Bad design at banks ensures customers are scammed

Alastair Somerville
3 min readAug 9, 2023


Long post as I’m back home from visiting my parents (both over 85) and I’m pissed off with banks and their attitudes to customer security.

90 mins on phone trying to get money transferred from one bank account to another for, and with, my father.

The main problem I have with banks is that their systems and their scripts are designed in ways that ensure people are scammed.

Banks create the risk of being scammed by using language and behaviours that are easily copied and used by criminals. Then the banks blame customers.

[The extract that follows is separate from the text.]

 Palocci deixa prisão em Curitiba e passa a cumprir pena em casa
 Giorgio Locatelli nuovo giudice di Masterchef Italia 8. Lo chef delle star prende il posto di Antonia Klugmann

Banks demand compliance to voice of authority

The bank staff are scripted and trained to demand customers respond to questions about security and actions in the way that the system requires it and using the jargon that the system follows. This alienates customers so they simply give up their agency and criticism capacities just to get thru the call.

This patterning is thus easily co-opted by scammers. They use the same form of voice and the same demand for compliance thru authority to get codes and numbers. The con is easy because it very, very similar to how the bank itself works.

The requirement to talk and behave as the bank requires leaves people vulnerable to being conned and scammed. The loss of personal agency and autonomy that makes things easier for the bank system is what enables the crimes.

Customers hold the information load

Banks also demand that customers hold the stress of remembering details and repeating them often.

Perhaps this is believed to be a good way of ensuring accuracy but that is not how human memory works. Perhaps it’s because the systems are old and bad. Three times we had to go thru all the account numbers for different reasons (the system crashed at one point possibly). Repetition does not increase accuracy. It increases uncertainty and doubt. My father became more confused by the experience.

The scammers are, from my experience of my mother being conned, actually better at this because they take down numbers better.

Listen to customers

The final thing is how little staff listen and try to adjust to the customer’s viewpoint and language.

By the end of 90 minutes and even tho I repeatedly requested that my father not be stressed, the bank staff kept demanding he confirm details. However, they used their language not his. He was talking of a bank transfer (from one account to another) while they kept calling it a payment. So when they kept requesting to know if he was sure that he wanted to make a payment, he became confused and stressed. The bank induced the confusion and the stress.

Again it is that pattern which is easily used by scammers. My mother is repeatedly called by people urgently saying there’s a problem with her account and they need to get thru security to help fix it. The rush of emotion and the confusion of bank jargon ensures the con works.


  • Do banks not understand how their security and service design enable the scams?
  • Do banks not understand how their content design and conversational scripts ensures confusion?
  • Do banks not care about human centered design?